Re: Use merge-based matching for MCVs in eqjoinsel

From: Tom Lane <tgl(at)sss(dot)pgh(dot)pa(dot)us>
To: Ilia Evdokimov <ilya(dot)evdokimov(at)tantorlabs(dot)com>
Cc: David Geier <geidav(dot)pg(at)gmail(dot)com>, pgsql-hackers(at)lists(dot)postgresql(dot)org
Subject: Re: Use merge-based matching for MCVs in eqjoinsel
Date: 2025-11-13 22:21:54
Message-ID: 3026409.1763072514@sss.pgh.pa.us
Views: Whole Thread | Raw Message | Download mbox | Resend email
Thread:
Lists: pgsql-hackers

Ilia Evdokimov <ilya(dot)evdokimov(at)tantorlabs(dot)com> writes:
> Good point. I addressed this in a separate patch: eqjoinsel_inner() now
> saves matchfreq1, matchfreq2, nmatches so that eqjoinsel_semi() can
> reuse them when (clamped_nvalues2 == sslot2->nvalues). If the MCV list
> on the RHS is clamped, we still recompute locally. If you have a cleaner
> idea for how to share these values between the two functions without
> passing them explicitly, I’d be happy to consider it.
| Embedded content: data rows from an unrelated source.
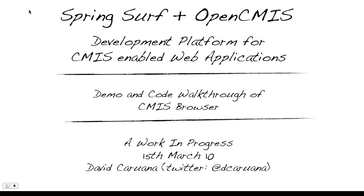Hello and welcome to this demonstration of an integration between SpringSurf and OpenCMIS. SpringSurf is a spring extension project hosted at SpringSource that provides a lightweight development approach to building web applications. OpenCMIS is a Java client library that allows you to connect to any CMIS compliant content repository. By combining both of these, we create a development platform for CMIS enabled web applications.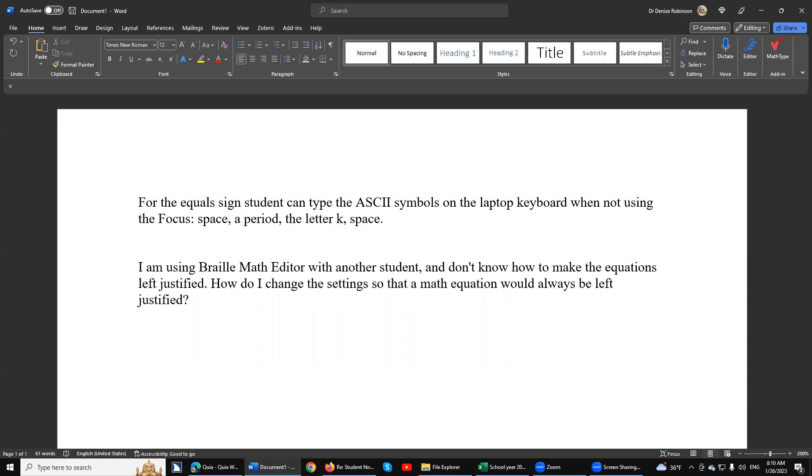The difference is in computer braille, the equal sign is going to be dots 1, 2, 3, 4, 5, 6. But when she braills, all she has to do is dot 2 for 1. So let's just do 1 plus 2 equals 1. I don't have my braille display with me, so I'm just going to mimic what the braille display will do.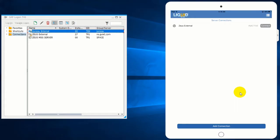Adding an SAP connection to your Liquid UI app is as easy as setting up a banking app. Click on add connection to get started.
This didn't look very much like the refactorization that I had in
mind: I thought we should have one copy of the matching code, not two.
Also, after looking closer at your patch I realized you were just
punting for cross-type comparison operators, which I felt was kind
of sad. It's a little bit tricky to get simplehash.h to go along
with cross-type hashing, because it wants to use just one hash and
one equality function. But since those are interface routines we
are going to supply anyway, we can make them deal with the insert
and lookup cases differently.

So after a bit of hacking I ended up with the attached. I split up
the refactorization into several steps to make it easier to review.
(But I'd anticipate squashing these into one commit in the end,
so I didn't spend a lot of time on the commit messages.)

Also, 0001 in this series is not meant to be committed; what it
does is to add some debug logging to ease comparing runtimes of
different versions of eqjoinsel. I was able to use that to
convince myself that the refactoring steps didn't cost anything
meaningful in performance. Perhaps we could use it to investigate
the right hashing threshold more carefully, too.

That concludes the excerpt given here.